:: What this task involves ::
Search the listing for the word "Black" and return each line that contains it.
**** Extracted material ****
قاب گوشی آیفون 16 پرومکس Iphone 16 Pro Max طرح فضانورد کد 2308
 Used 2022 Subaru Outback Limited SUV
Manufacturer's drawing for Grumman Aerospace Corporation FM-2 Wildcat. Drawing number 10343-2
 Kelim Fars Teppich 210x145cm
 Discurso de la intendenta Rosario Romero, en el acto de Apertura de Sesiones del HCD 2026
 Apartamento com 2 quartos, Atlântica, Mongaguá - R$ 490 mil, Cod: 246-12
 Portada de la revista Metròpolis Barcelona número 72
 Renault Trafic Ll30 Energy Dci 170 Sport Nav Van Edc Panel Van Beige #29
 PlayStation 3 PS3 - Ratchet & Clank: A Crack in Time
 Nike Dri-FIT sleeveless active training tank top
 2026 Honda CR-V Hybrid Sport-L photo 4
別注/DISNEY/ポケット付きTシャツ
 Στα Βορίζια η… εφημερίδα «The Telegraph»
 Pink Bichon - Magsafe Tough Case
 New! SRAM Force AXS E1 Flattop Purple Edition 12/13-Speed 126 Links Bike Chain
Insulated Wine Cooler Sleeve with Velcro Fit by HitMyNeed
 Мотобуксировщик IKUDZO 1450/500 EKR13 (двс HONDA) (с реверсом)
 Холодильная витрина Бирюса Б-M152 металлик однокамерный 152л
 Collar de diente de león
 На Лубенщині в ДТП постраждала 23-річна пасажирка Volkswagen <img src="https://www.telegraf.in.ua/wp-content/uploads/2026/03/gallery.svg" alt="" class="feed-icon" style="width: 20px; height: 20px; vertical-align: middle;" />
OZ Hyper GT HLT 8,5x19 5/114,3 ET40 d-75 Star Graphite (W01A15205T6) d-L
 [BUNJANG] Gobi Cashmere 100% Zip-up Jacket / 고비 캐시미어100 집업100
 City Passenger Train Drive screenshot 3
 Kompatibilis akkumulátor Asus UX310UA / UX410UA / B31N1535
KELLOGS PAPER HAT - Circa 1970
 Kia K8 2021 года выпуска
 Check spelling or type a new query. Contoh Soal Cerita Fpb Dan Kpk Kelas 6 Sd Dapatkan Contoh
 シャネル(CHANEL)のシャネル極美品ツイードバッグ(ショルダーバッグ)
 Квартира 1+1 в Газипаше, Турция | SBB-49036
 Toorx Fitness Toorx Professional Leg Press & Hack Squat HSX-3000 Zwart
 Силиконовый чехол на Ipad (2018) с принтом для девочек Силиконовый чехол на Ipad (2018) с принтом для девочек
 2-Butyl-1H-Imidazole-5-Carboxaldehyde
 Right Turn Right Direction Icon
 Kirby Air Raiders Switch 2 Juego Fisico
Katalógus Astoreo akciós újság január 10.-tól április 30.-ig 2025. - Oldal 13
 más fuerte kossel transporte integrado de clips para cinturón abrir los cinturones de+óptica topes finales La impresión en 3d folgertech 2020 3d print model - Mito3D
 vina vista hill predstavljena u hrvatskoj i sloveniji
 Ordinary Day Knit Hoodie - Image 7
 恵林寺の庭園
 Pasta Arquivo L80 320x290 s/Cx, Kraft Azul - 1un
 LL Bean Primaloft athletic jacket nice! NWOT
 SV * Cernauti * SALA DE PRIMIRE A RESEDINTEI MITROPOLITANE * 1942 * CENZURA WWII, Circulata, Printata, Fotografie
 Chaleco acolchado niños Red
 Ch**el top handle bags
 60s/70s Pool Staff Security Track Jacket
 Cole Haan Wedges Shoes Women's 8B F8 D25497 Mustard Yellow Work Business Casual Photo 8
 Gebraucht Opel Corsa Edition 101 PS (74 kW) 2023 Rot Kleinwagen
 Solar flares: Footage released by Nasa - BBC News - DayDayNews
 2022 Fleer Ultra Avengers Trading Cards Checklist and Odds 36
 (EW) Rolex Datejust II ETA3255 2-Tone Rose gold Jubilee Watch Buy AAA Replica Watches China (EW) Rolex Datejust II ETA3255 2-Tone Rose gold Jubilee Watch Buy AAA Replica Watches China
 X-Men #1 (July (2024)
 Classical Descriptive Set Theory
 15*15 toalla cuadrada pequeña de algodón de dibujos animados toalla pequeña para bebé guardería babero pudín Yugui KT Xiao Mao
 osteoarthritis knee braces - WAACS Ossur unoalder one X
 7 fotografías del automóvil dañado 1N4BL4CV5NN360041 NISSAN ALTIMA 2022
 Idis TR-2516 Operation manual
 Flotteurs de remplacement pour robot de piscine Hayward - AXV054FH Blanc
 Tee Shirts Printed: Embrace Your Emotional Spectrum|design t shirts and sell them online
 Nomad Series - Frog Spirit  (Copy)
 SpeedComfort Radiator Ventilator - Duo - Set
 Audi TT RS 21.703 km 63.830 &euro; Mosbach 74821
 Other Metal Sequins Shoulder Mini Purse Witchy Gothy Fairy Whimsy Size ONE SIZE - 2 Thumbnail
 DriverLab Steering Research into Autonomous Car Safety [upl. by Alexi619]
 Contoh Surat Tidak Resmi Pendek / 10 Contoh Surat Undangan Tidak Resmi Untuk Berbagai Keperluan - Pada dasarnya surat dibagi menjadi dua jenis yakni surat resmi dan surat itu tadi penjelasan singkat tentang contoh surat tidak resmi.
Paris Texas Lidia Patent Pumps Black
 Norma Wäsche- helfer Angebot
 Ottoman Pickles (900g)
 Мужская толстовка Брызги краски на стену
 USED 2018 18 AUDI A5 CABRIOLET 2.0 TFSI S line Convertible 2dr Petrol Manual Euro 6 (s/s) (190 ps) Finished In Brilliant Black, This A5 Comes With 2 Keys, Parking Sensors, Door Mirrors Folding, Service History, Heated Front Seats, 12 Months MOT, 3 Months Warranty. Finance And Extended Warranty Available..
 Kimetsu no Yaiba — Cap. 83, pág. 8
****
:: Solution below ::
Paris Texas Lidia Patent Pumps Black
 USED 2018 18 AUDI A5 CABRIOLET 2.0 TFSI S line Convertible 2dr Petrol Manual Euro 6 (s/s) (190 ps) Finished In Brilliant Black, This A5 Comes With 2 Keys, Parking Sensors, Door Mirrors Folding, Service History, Heated Front Seats, 12 Months MOT, 3 Months Warranty. Finance And Extended Warranty Available..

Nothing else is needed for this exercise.